Database bits are laid-out in storage in data-structures and grouping that can take advantage of both known effective algorithms to retrieve and manipulate them and the storage own properties. Typically the storage itself is design to meet requirements of various areas that extensively utilize storage, including databases. A DBMS in operation always simultaneously utilizes several storage types (e.g., memory, and external storage), with respective layout methods.

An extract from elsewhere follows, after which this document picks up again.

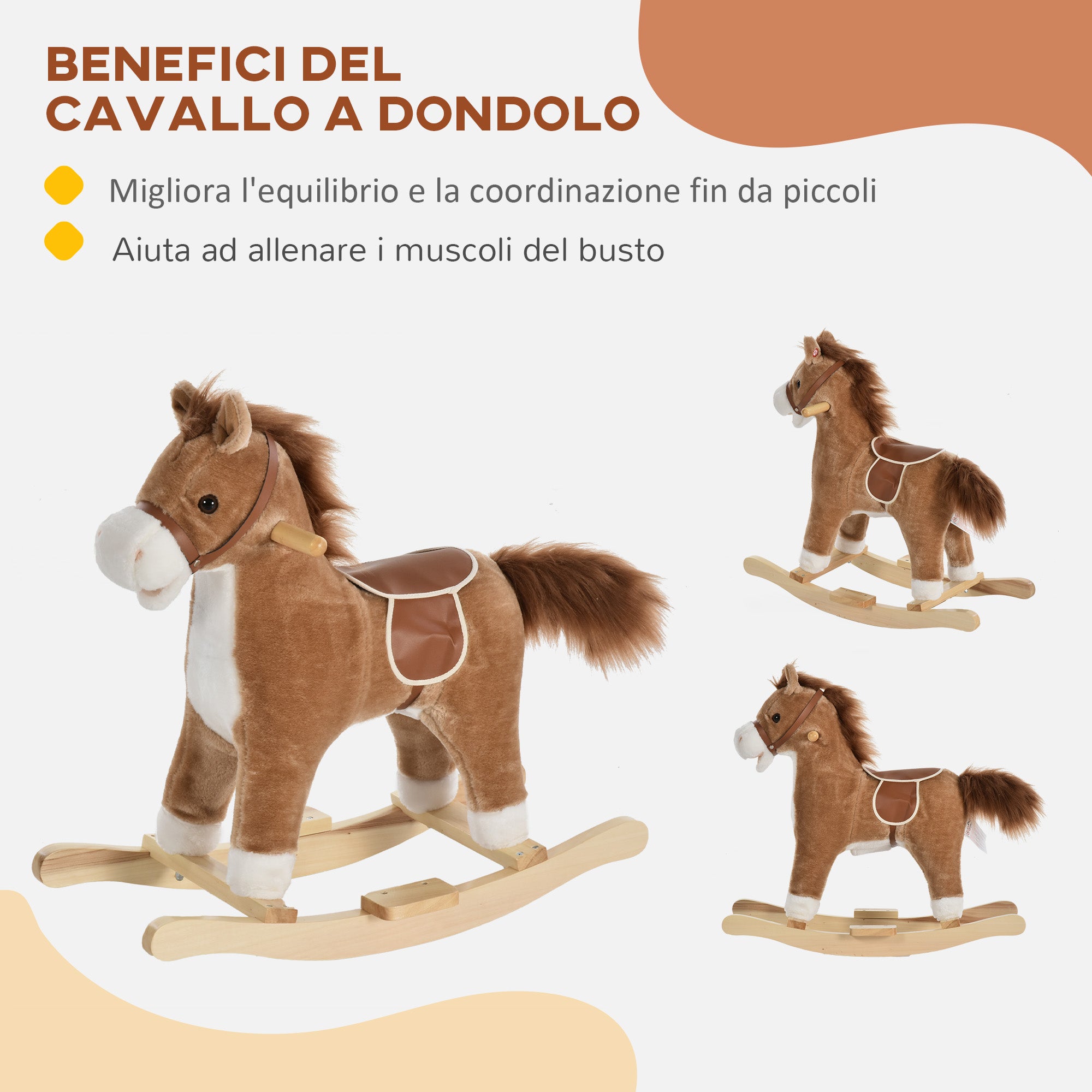 Rocking Horse Toy with Realistic Sounds for Babies 36-72 Months, Includes 2 AA Batteries, Brown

A database, while in operation, resides simultaneously in several types of storage. By the nature of contemporary computers most of the database part inside a computer that hosts the DBMS resides (partially replicated) in volatile storage. Data (pieces of the database) that are being processed/manipulated reside inside a processor, possibly in processor's caches. These data are being read from/written to memory, typically through a computer bus (so far typically volatile storage components). Computer memory is communicating data (transferred to/from) external storage, typically through standard storage interfaces or networks (e.g., fibre channel, iSCSI). A storage array, a common external storage unit, typically has storage hierarchy of it own, from a fast cache, typically consisting of (volatile and fast) DRAM, which is connected (again via standard interfaces) to drives, possibly with different speeds, like flash drives[disambiguation needed] and magnetic disk drives (non-volatile). The drives may be connected to magnetic tapes, on which typically the least active parts of a large database may reside, or database backup generations.
Typically a correlation exists currently between storage speed and price, while the faster storage is typically volatile.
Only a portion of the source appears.